You are viewing a plain text version of this content. The canonical link for it is here.

Posted to dev@storm.apache.org by kevpeek <gi...@git.apache.org> on 2017/10/19 15:58:14 UTC

[GitHub] storm pull request #2379: STORM-2782 - refactor partial key grouping to make...

GitHub user kevpeek opened a pull request:

    https://github.com/apache/storm/pull/2379

    STORM-2782 - refactor partial key grouping to make it more flexible a…

    …nd reusable

You can merge this pull request into a Git repository by running:

    $ git pull https://github.com/kevpeek/storm STORM-2782

Alternatively you can review and apply these changes as the patch at:

    https://github.com/apache/storm/pull/2379.patch

To close this pull request, make a commit to your master/trunk branch
with (at least) the following in the commit message:

    This closes #2379
    
----
commit 5d2b30e1656942c3624c63fd5fefbd6b5729dac6
Author: Kevin Peek <kp...@salesforce.com>
Date:   2017-08-31T13:27:49Z

    STORM-2782 - refactor partial key grouping to make it more flexible and reusable

----


---

[GitHub] storm issue #2379: STORM-2782 - refactor partial key grouping to make it mor...

Posted by kevpeek <gi...@git.apache.org>.

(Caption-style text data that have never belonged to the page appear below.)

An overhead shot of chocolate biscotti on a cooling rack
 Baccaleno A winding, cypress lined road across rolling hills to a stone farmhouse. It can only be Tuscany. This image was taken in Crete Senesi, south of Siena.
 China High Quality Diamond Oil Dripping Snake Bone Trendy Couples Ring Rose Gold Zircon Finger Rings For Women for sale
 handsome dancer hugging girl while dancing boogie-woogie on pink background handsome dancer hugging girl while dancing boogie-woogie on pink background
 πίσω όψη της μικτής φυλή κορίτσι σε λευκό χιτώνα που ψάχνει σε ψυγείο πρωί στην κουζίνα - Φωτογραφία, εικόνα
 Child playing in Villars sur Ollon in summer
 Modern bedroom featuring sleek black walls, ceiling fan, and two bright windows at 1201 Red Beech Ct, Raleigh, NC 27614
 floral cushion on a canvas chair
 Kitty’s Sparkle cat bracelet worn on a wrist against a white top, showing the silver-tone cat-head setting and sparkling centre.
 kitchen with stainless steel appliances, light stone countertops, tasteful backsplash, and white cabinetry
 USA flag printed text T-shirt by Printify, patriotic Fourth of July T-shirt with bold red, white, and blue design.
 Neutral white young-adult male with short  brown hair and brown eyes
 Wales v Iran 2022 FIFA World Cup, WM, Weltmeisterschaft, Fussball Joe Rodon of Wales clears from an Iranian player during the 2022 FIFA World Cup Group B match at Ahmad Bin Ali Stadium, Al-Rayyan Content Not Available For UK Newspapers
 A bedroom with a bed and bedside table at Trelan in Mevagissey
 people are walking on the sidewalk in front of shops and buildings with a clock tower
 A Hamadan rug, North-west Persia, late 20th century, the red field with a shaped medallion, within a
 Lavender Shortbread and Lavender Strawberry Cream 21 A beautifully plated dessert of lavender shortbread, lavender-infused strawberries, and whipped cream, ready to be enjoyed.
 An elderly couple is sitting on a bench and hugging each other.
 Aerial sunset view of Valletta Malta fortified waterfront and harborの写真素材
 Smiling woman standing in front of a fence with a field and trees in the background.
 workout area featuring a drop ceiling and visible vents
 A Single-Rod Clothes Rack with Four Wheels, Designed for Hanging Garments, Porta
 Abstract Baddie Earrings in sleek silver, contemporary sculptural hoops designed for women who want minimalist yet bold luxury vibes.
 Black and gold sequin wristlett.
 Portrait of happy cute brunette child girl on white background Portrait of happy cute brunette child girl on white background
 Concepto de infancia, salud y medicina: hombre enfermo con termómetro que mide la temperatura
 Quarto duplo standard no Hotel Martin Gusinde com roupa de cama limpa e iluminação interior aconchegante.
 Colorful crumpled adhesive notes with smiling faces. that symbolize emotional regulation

Github user kevpeek commented on the issue:

    https://github.com/apache/storm/pull/2379
  
    I went ahead and replaced the original hash function based logic with something faster. This code now runs in about 60% of the time taken by the original.
    
    As for changing the hash logic, I ran tests to measure the resulting tuple distribution across downstream tasks. There is not a huge difference, but the new code produces a slightly more even distribution. This is primarily because it avoids the case where the two hash functions choose the same task, thus eliminating the power of two choices.
    
    @revans2


---

[GitHub] storm pull request #2379: STORM-2782 - refactor partial key grouping to make...

Posted by revans2 <gi...@git.apache.org>.

Github user revans2 commented on a diff in the pull request:

    https://github.com/apache/storm/pull/2379#discussion_r145983226
  
    --- Diff: storm-client/test/jvm/org/apache/storm/grouping/partialKeyGrouping/PartialKeyGroupingTest.java ---
    @@ -53,7 +62,7 @@ public void testChooseTasksFields() {
             PartialKeyGrouping pkg = new PartialKeyGrouping(new Fields("test"));
             WorkerTopologyContext context = mock(WorkerTopologyContext.class);
             when(context.getComponentOutputFields(any(GlobalStreamId.class))).thenReturn(new Fields("test"));
    -        pkg.prepare(context, mock(GlobalStreamId.class), Lists.newArrayList(0, 1, 2, 3, 4, 5));
    +        pkg.prepare(context, mock(GlobalStreamId.class), Lists.newArrayList(9, 8, 7, 1, 2, 3));
    --- End diff --
    
    Sounds reasonable.  Just FYI in reality they are likely to be consecutive increasing numbers because we assign the IDs by component in a consecutive increasing fashion.


---

[GitHub] storm pull request #2379: STORM-2782 - refactor partial key grouping to make...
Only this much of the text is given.